Cet amoureux des buis lèche donc 700 heures par saison. "L’avantage du buis, c’est que l’on peut le tailler très facilement, dix ou onze fois par an si on le souhaite. À cet égard, c’est peut-être la plante la plus extraordinaire qui soit. Le buis est également très souple, très tendre. Il présente une douceur que l’on ne retrouve pas dans les autres buissons, qui ont un côté rigide lorsqu’on commence à les tailler. Le buis, en revanche, me rappelle la pâte à modeler de mon enfance. On peut le modeler très facilement. Le buis, c’est de la pâte à modeler ou de l’argile. Encore une fois, très doux. Argile est un mot magnifique. Vous voyez, c’est grâce à vous que je viens de faire cette association. Je n’avais jamais fait le rapprochement avant."
Psychédélique
"Les gens me demandent toujours comment j’ai commencé. C’est très simple: quand j’ai découvert les buissons sur ma colline, je les ai observés pendant quatre ans, tous les jours et, petit à petit, j’ai commencé à y voir des formes. C’était une expérience presque psychédélique. Je ‘voyais’ les formes: pas l’ensemble, le paysage entier, non: chaque pièce séparément. Lorsque j’ai commencé à les tailler après ces quatre années, à chaque fois il restait un tronc nu, sans feuilles. Et je ‘voyais’ ce qu’il allait devenir. Cela n’a rien de visionnaire ni de surnaturel: c’est plutôt comme un peintre qui sait inconsciemment où il va. Il avance. Et il connaît l’image finale, même s’il n’en est pas directement conscient. C’est difficile à expliquer."
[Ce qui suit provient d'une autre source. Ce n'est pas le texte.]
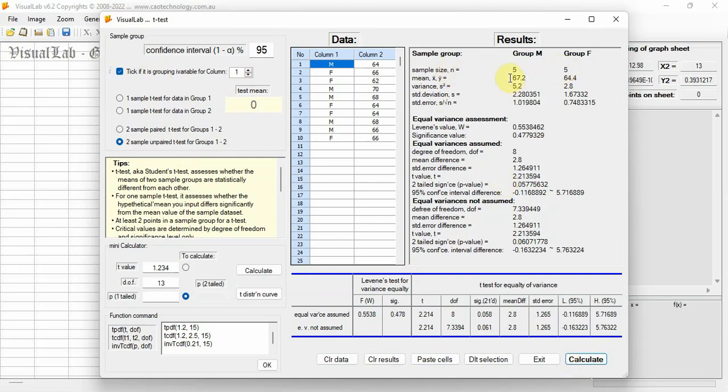You've got all the result you want. Each group has five data points, mean value, standard error, etc.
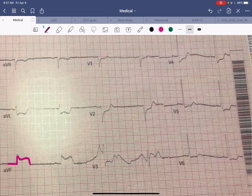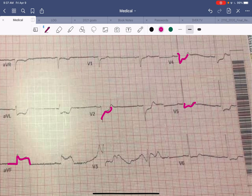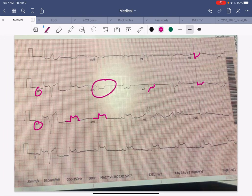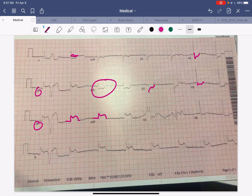You can also see what are called reciprocal changes — ST depressions on the lateral leads, here and here, on AVL, and even a little depression over here. So this is a very large inferior ST segment elevation MI with reciprocal changes in lead one, AVL, and the lateral leads V2 through V5. This patient has a STEMI — ST segment elevation MI.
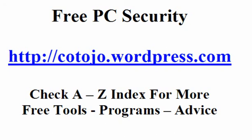If you want any more information, check out my blog, Free PC Security, which you can find at kotojo.wordpress.com or just Google search Free PC Security. I hope this has helped you to set up Avast and that it's been of some use to you. Thank you.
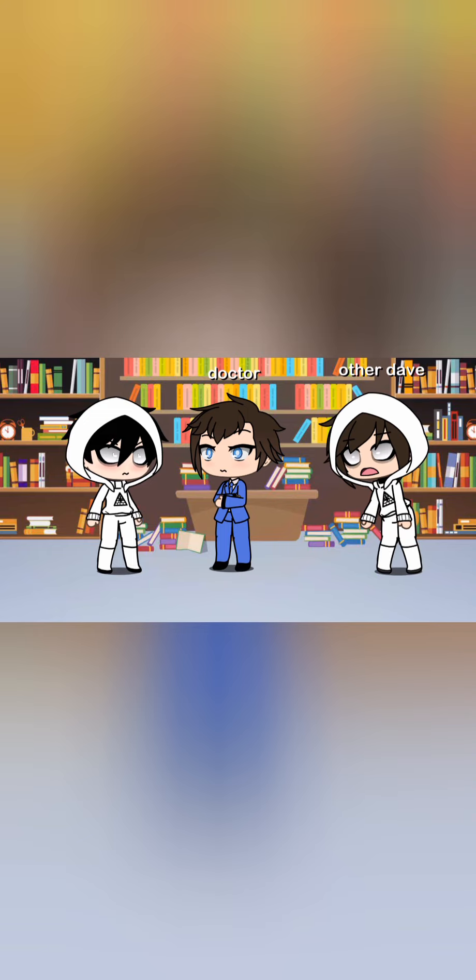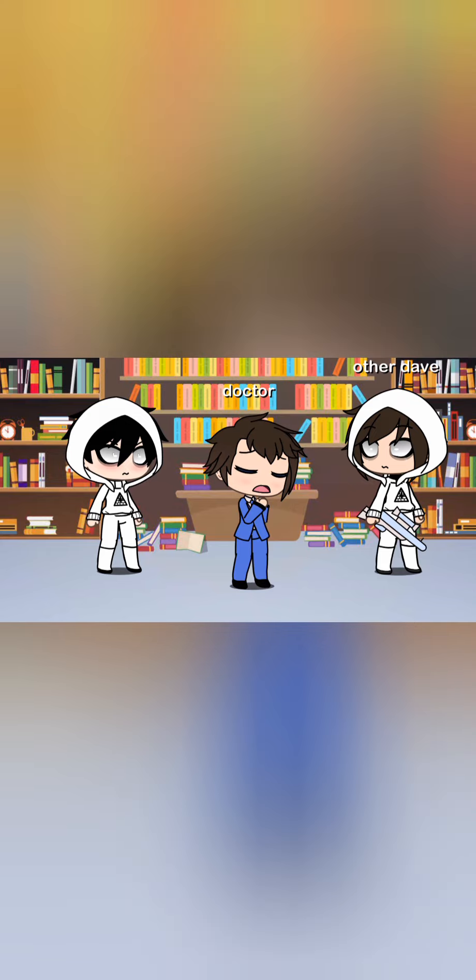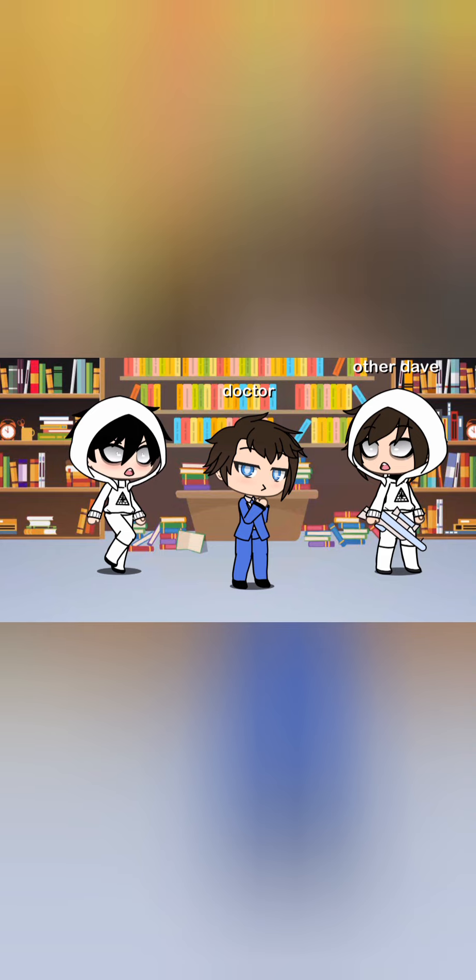We should go, Doctor! Oh, Dave. Oh, Dave. I'm so sorry. Hey, who turned out the lights? We should go, Doctor!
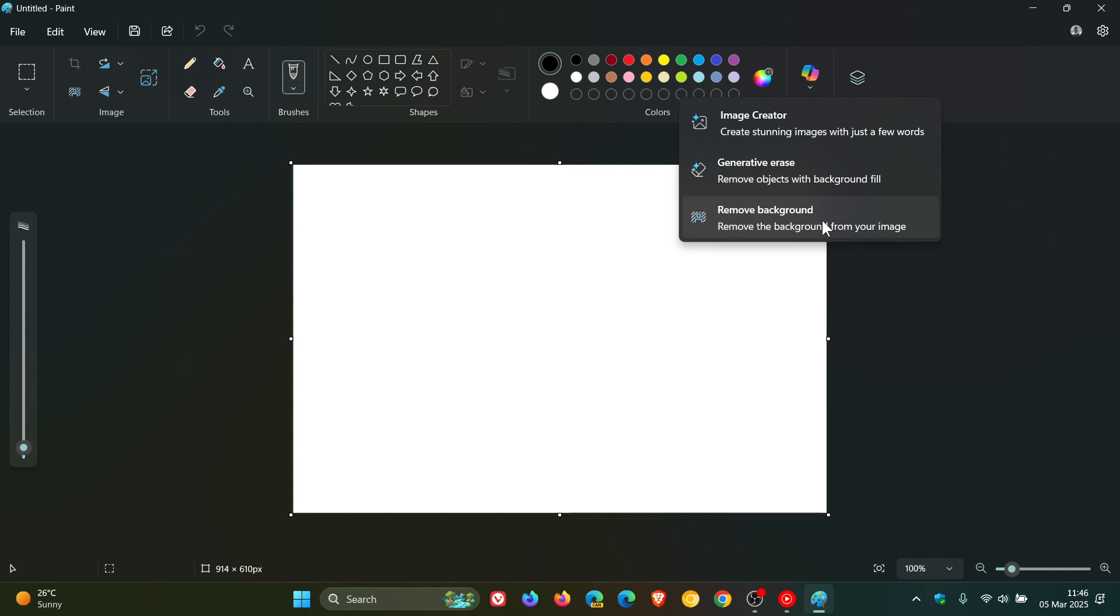Interesting stuff going on here. For Copilot plus PCs, they get Co-Creator, which is right here at the top, which is not rolling out to PCs that are not Copilot plus PCs.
"On s’approche un peu de la folie", poursuit-il. "Mais j’ai une définition très claire de ce qu’est la folie. La folie, c’est juste une étincelle de sacré." Lorsqu’il voyage, ce qui est rare, c’est exclusivement en hiver, quand il y a un peu moins de travail. "Mais ce n’est jamais vraiment le cas: le jardinier est le gardien de la création et un gardien doit toujours être présent. Je suis tellement amoureux de mon jardin que je me sens mal dès que je le quitte. Il me manque. C’est un sentiment très, très profond."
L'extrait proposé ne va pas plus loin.